→ **Task requirements**
Below is a listing from which only part is wanted; return exactly the lines from the one with "John Deere 3038E Trattori" up to and including the one with "Photo of 523 S PALM AVE #7".

→ **Exercise inputs**
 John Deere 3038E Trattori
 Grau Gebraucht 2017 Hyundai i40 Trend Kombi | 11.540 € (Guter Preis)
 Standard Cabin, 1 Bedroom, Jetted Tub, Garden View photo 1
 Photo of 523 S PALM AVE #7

==

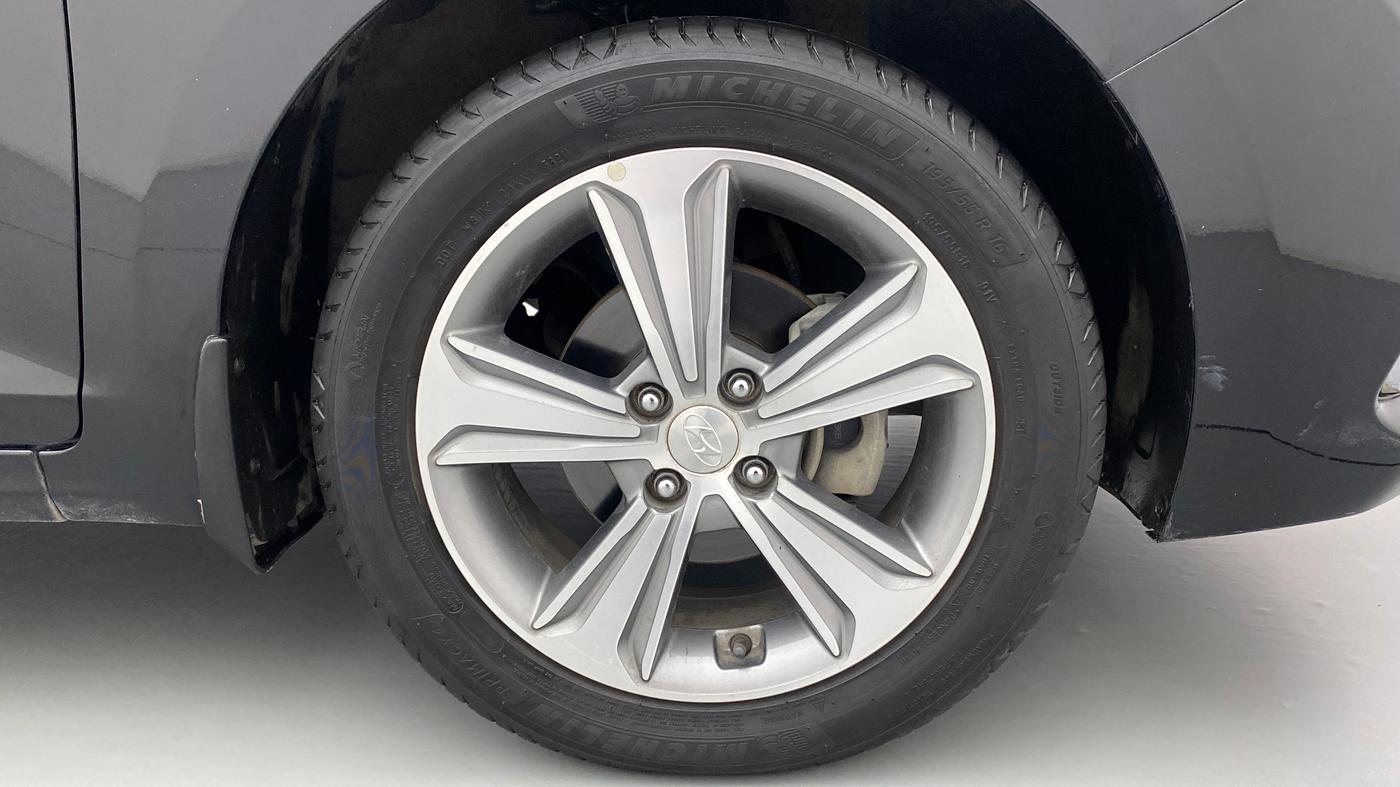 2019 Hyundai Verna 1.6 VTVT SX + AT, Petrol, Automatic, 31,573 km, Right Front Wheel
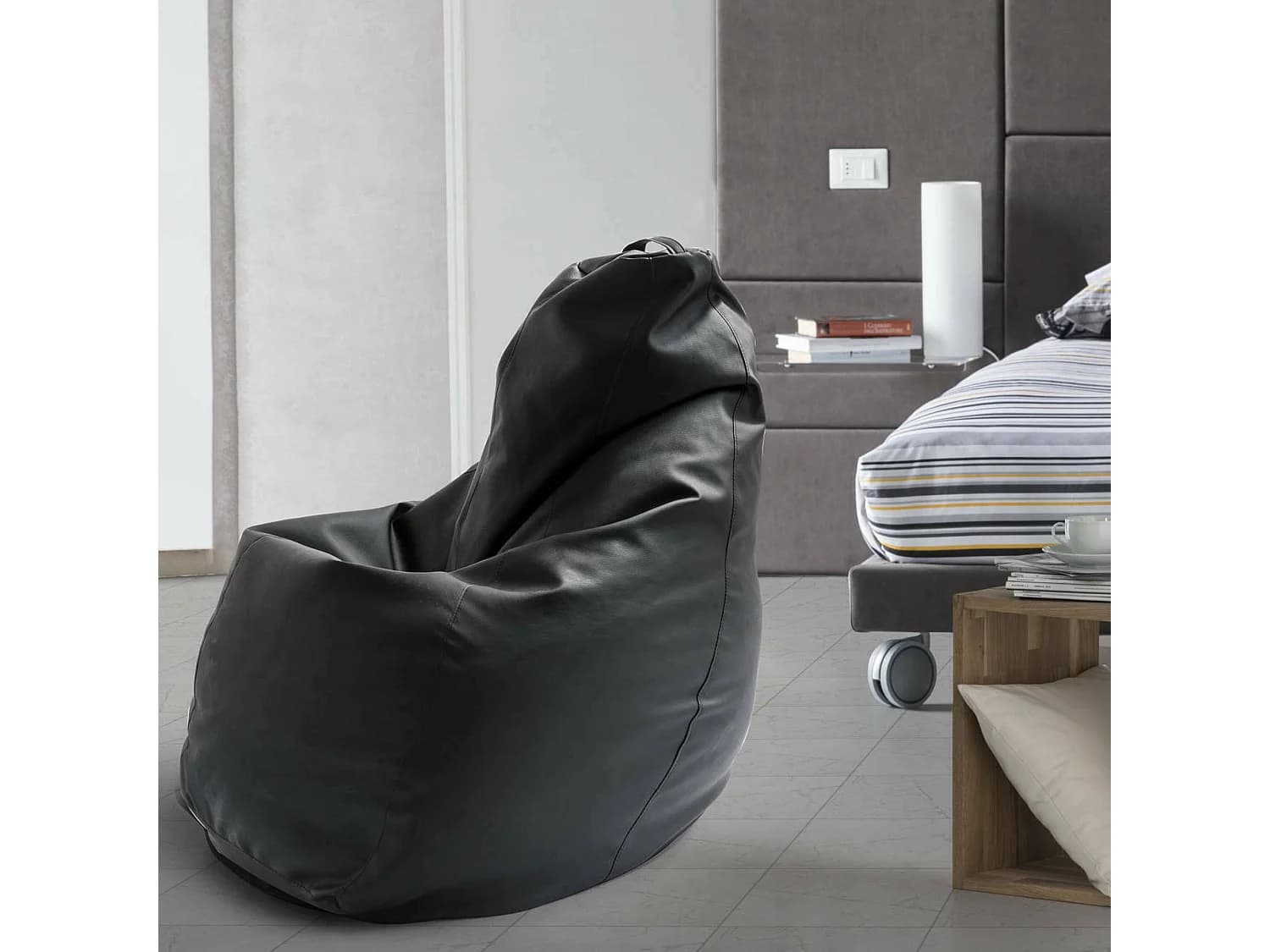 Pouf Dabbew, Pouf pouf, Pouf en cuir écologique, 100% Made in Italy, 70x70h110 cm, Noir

* * *

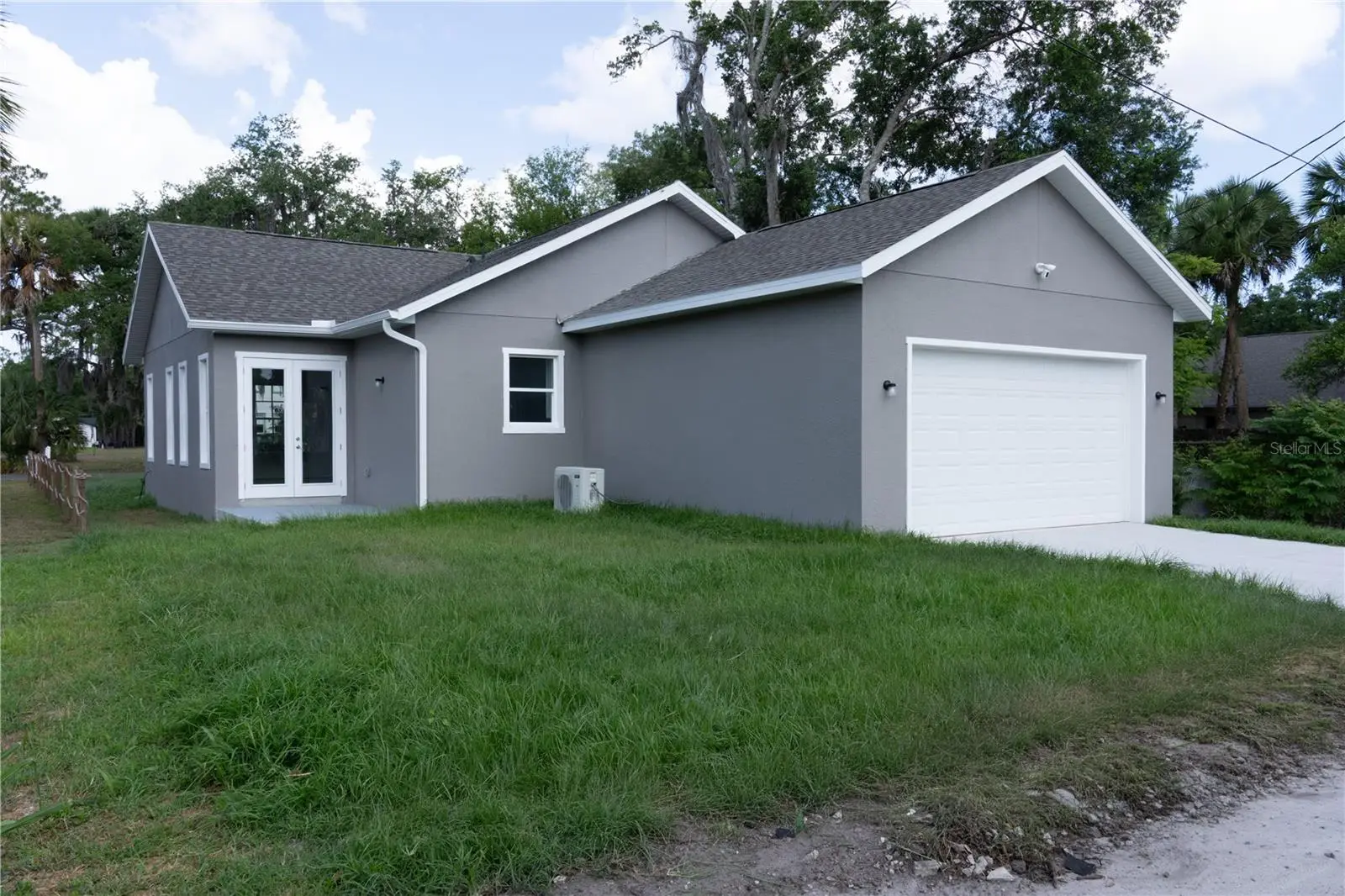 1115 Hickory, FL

→ **Solution below**
 John Deere 3038E Trattori
 Grau Gebraucht 2017 Hyundai i40 Trend Kombi | 11.540 € (Guter Preis)
 Standard Cabin, 1 Bedroom, Jetted Tub, Garden View photo 1
 Photo of 523 S PALM AVE #7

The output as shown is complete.